I first met Rose Hughes when I spoke at the BAQS Meetup at Fall Market 2013. Rose is an artist whose medium is quilting, and I love her work. It’s thoughtful and playful, just a really great combination. I knew her work before that, though, because I loved her fast piece applique technique and became interested in how I could use it on the longarm, which eventually turned into part of my Creative Longarm Quilting class on Craftsy.
Fast forward to this year, and Rose asked if we could work together on a piece for her new book that combined the technique I worked out for the longarm with her own art, and this book is coming out as we speak! I can’t show you the whole piece (although I did write a tutorial for the background fill), but I can share her own sneak peek of it! I’m so very honored to be part of this group of longarmers, Rose, thank you!
(reading this over, there are a lot of links there. Rose really has influenced my artistic journey!)
The conversation about working for pay rather than for “publicity” is everywhere. I suggest that you read this post at DIY Doyenne and ponder:
This is the kind of thing that happens to creatives regularly. There is a perception that if you make a living from your creative talents, you are doing it for fun, you know, you’re not really serious. There is a shocking lack of value placed on creativity. The sad truth is, there is an endless parade of creative people who ARE willing to jump through hoops for magic beans. They will argue endlessly that they have to start somewhere and it isn’t their full time job and they’re doing it for fun and blah, blah blah. Yes, we all have to start somewhere, how about we start by getting paid? If you aren’t good enough to warrant a pay check, you aren’t ready to start a career as a creative. But the thing is, if you aren’t good enough to warrant a pay check, why are these big companies asking to work with you? Chew on that for a moment and see how it tastes. It’s time we all stopped undervaluing our work because until we do, the manufacturers, publishers, retailers, TV production companies and magazines are going to keep expecting people to work for publicity or glitter.
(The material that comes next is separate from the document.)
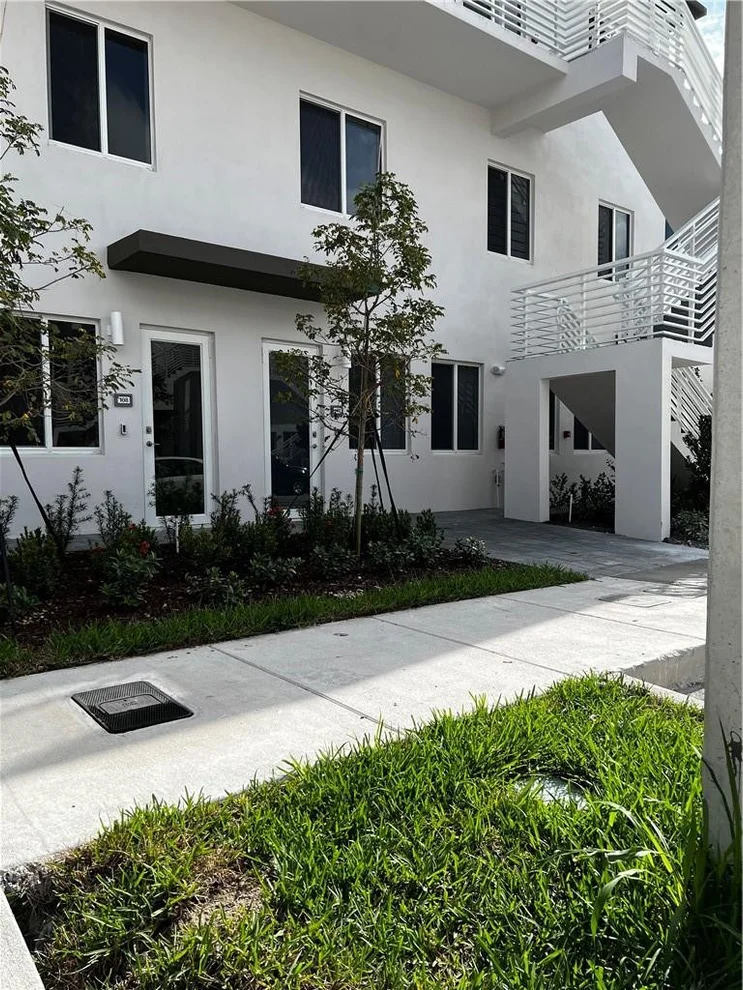 Unit for sale at 6453 NW 102 Path, Doral, FL 33178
Now that this one has arrived back to its owner, I can share it! This is a pattern under construction by my customer Terri, and she wanted something simple to go with the overall simplicity of the quilt, and something that wasn’t full-on custom or too boring. At first I thought I would do a zig zag to mimic the triangles, but then I thought it would be nice to have something slightly curved but still keeping some points in there. The triangles are also a little wonky, so I wanted something that has some irregularity in size and shape. The hardest part was not being uniform! I didn’t want this simplicity to look computerized or too much like a mattress cover, and I wanted to play with the improvy feel. This was the result:
I used the piecing to guide the height of my S shapes/brackets, which matched up nicely with the sizes of the triangles. I also varied horizontal and vertical shapes depending on which way the panels were oriented.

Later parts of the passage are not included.